Turning-point season for the NYC Ballet

The long winter season of the New York City Ballet, which ends Feb. 20 at the New York State Theater, has been a turning point in the company's life. With director George Balanchine absent for health reasons, the company has had to carry on without the personal inspiration and authority he has always provided. At the very least, the dancers have performed valiantly; and some performances of Balanchine classics have reached landmark quality.

The one major gap in the season has been a new Balanchine ballet, but company members Jacques d'Amboise and Peter Martins filled in the new-ballet slots with aplomb. The most successful of the three premieres was the last, Mr. Martins's ''Rossini Quartets,'' set to two sonatas for string quartet written when the composer was 12.

Martins apportions the music neatly: the fast parts go to an ensemble of six and the adagios go to Suzanne Farrell and Adam Luders. Since most of Martins's previous choreography has been allegro in temperament, the big news here is the stately duets he's made for Miss Farrell and Luders.

Farrell is like a complexly petaled flower at fullest bloom. Her effulgence is tempered by wisdom, by a certain separateness. Martins conveys that separateness by coding her duets with an unusual motif. Aided by Luders, she rolls onto an off-pointe without bending her knees; at other times she moves with enormous amplitude even though her limbs are pressed together. These devices work brilliantly, for they give ''Rossini Quartets'' the distinctive identity all works of art want.

The basic problem with ''Rossini Quartets'' is that the fast sections are too fussy. Martins is forever breaking up phrases between two dancers and chopping the music into more parts than it has. He's too involved with harmony, as it were, and not enough with melody.

The French composer Delibes is all melody, which perhaps is why the other Martins premiere, ''Delibes Divertissement,'' looks under-choreographed. The music, from the ballet ''Sylvia,'' cries out for long, singing lines, but Martins seems uncomfortable with simple grandeur.

Jacques d'Amboise has no hesitation in taking on grandeur in his new ''Celebration'' to various selections of Mendelssohn. It's a cast-of-thousands ballet with a full complement of children to boot. What ''Celebration'' lacks in depth, it makes up for in brio, and the kids are adorable.

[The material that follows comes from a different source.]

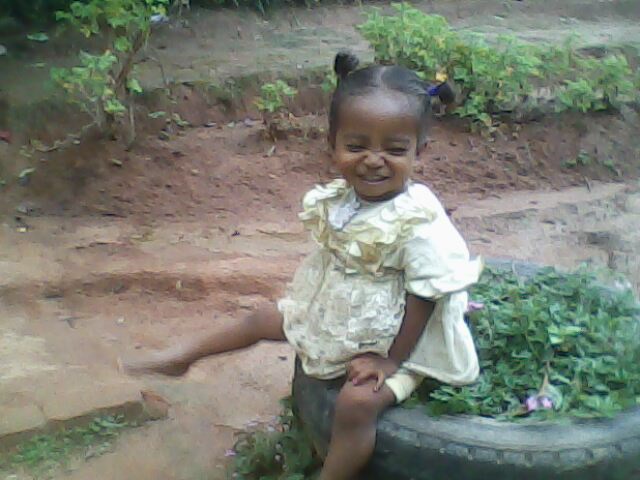 Trois ans, Oginella va aller à l'école à la prochaine rentrée, parrainée par Arone !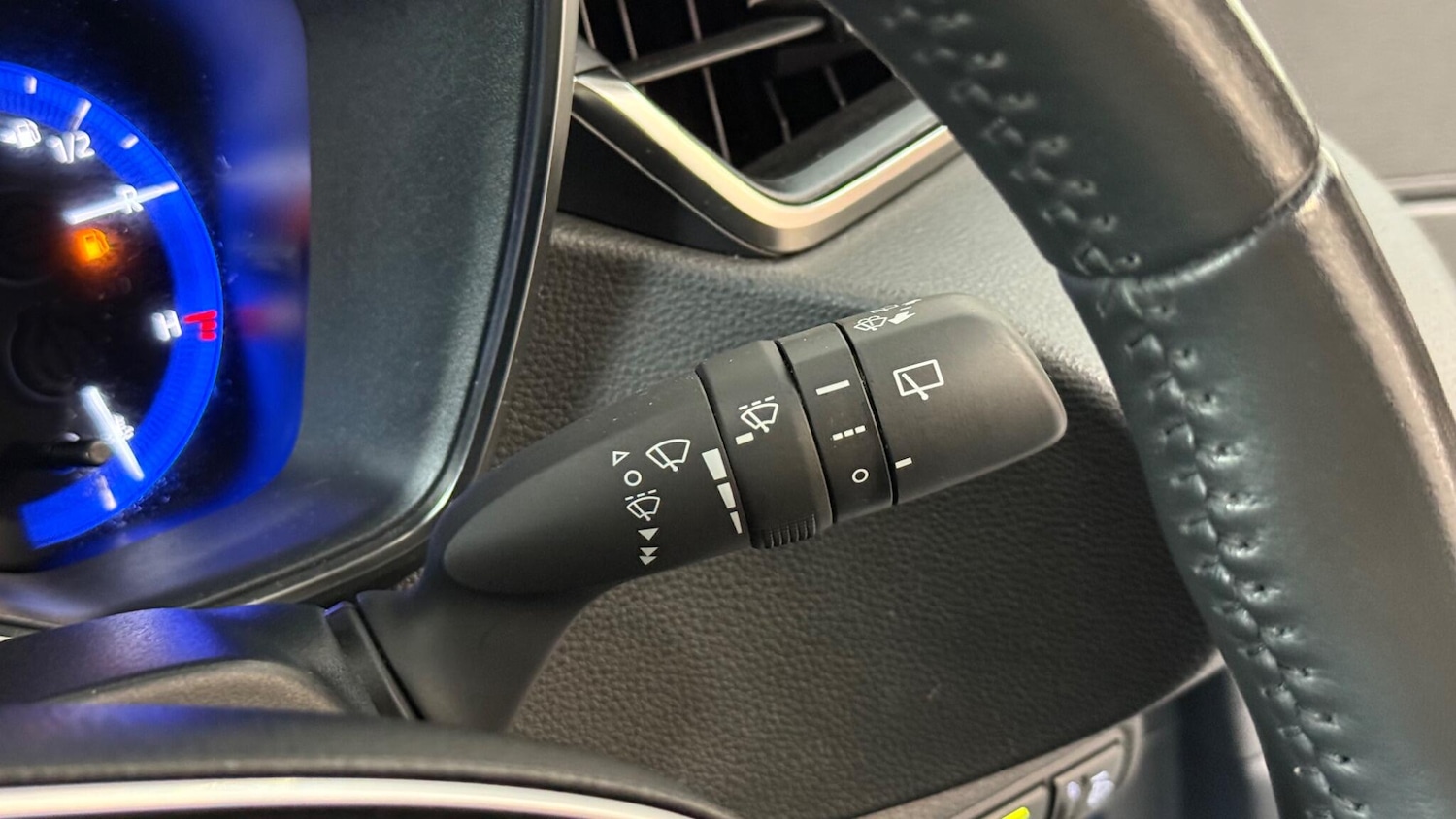 Used Toyota Corolla 2022 for sale - 76987792: Photo 33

D'Amboise uses children as a gesture of celebration for the School of American Ballet, the training ground of the New York City Ballet. The City Ballet is currently celebrating the 50th anniversary of its school and the arrival of Balanchine to this country from Europe. More substantial than d'Amboise's observance of the occasion are two events.

The first is a photographic exhibit of the School of American Ballet's dances and teachers at Lincoln Center's Library for the Performing Arts, which runs into the spring. The second is the March publication of ''Choreography by George Balanchine,'' a complete, annotated catalog of his 425 ballets. This monumental endeavor is published by the Eakins Press Foundation in New York.